AISLE SAY San Francisco

THE SEAGULL

by Anton Chekhov
New version by Libby Appel
from a literal translation by Allison Horsley
Directed by Jasson Minadakis
Presented by Marin Theatre Company
Boyer Theatre
397 Miller Ave., Mill Valley, CA / Phone (415) 388-5208

Reviewed by Judy Richter

Marin Theatre Company has scored something of an artistic coup by staging the world premiere of Libby Appel's new version of Anton Chekhov's "The Seagull." Commissioned by the Oregon Shakespeare Festival, where Appel was artistic director from 1995-2007. this new version comes from a literal translation by Allison Horsley and restores passages that were cut by Russian censors or stage directors.
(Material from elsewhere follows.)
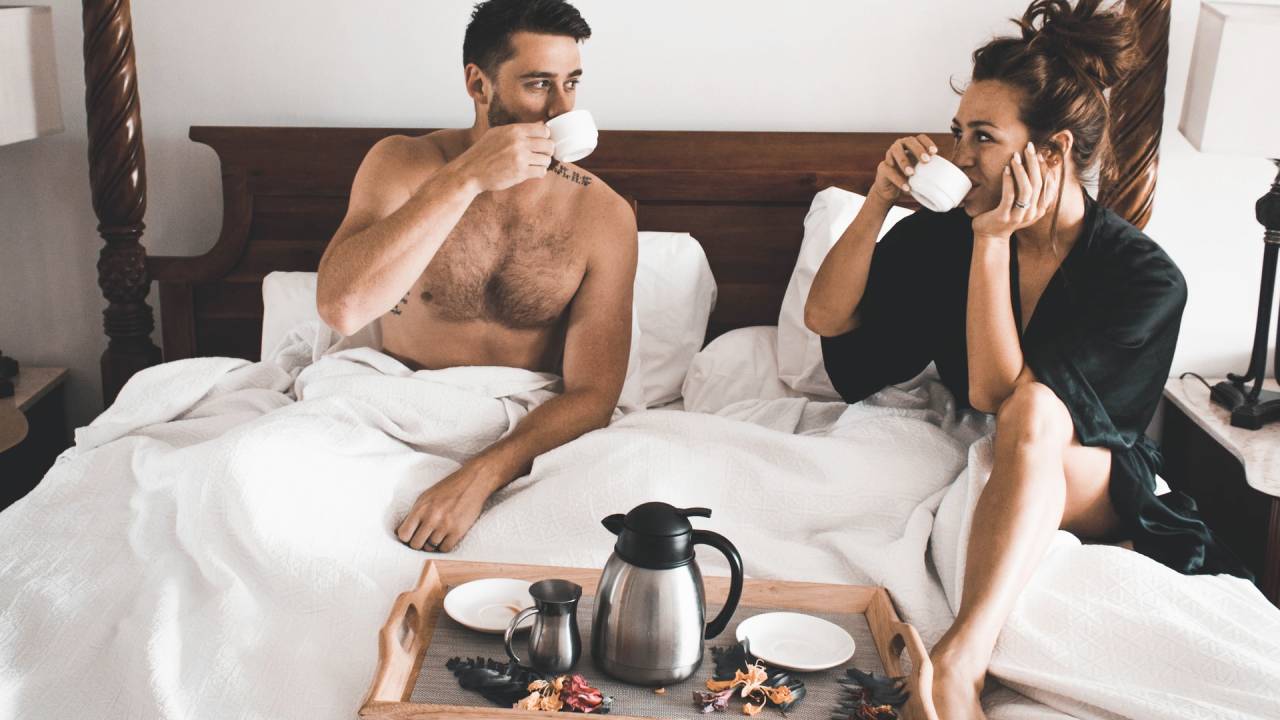 szerelmespár az ágyban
The plot and setting remain the same, however. The action takes place on a country estate outside Kiev during the late 1890s. The plot features several romantic triangles, unrequited love and thwarted dreams. The story begins as Kostya (John Tufts) has written a short play and has invited family and friends to see a preview starring his beloved Nina (Christine Albright), a neighbor.

The audience includes Kostya's uncle, Pyotr Sorin (Richard Farrell), who owns the estate; and Kostya's mother, Irina (Tess Malis Kincaid), a famous actress who is Pyotr's sister. Also in the audience is Irina's young lover, Boris Trigorin (Craig Marker), a famous, prolific writer; Yevgenii Dorn (Howard Swain), a local doctor; Ilya Shamrayev (Michael Ray Wisely), the estate's manager; Polina (Julia Brothers), his wife; Masha (Liz Sklar), their morose daughter; and Semyon Medvedenko (Peter Ruocco), a schoolteacher.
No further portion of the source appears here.